— Goal of the exercise —
Nothing but the lines from the one with "Silnik w komplecie Ford Orion 3 GAL" through the last line of the data should be restated, each word for word.
[Start of Attachment]
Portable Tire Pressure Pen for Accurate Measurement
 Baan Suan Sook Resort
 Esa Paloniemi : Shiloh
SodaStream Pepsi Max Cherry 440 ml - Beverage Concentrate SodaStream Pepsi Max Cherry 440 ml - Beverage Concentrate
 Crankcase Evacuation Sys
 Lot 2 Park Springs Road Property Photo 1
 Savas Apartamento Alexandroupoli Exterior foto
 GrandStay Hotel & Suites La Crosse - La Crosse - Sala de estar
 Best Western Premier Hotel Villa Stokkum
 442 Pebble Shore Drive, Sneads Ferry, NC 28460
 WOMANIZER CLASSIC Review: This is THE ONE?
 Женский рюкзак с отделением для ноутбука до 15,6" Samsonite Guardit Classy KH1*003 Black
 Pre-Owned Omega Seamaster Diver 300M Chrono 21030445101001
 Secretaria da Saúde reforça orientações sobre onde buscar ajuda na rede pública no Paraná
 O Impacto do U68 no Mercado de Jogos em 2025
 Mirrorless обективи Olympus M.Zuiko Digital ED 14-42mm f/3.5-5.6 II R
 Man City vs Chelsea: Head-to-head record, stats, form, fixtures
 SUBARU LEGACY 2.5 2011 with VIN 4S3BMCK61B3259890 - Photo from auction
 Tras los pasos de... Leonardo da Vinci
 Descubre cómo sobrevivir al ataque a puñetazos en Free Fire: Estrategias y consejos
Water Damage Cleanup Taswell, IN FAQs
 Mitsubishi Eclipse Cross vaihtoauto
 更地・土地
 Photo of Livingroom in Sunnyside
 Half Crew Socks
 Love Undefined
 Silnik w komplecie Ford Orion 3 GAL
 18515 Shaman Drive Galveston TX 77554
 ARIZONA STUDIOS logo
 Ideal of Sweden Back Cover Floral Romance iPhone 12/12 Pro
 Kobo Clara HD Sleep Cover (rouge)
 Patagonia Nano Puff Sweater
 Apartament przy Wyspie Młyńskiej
[End of Attachment]
— Output below —
 Silnik w komplecie Ford Orion 3 GAL
 18515 Shaman Drive Galveston TX 77554
 ARIZONA STUDIOS logo
 Ideal of Sweden Back Cover Floral Romance iPhone 12/12 Pro
 Kobo Clara HD Sleep Cover (rouge)
 Patagonia Nano Puff Sweater
 Apartament przy Wyspie Młyńskiej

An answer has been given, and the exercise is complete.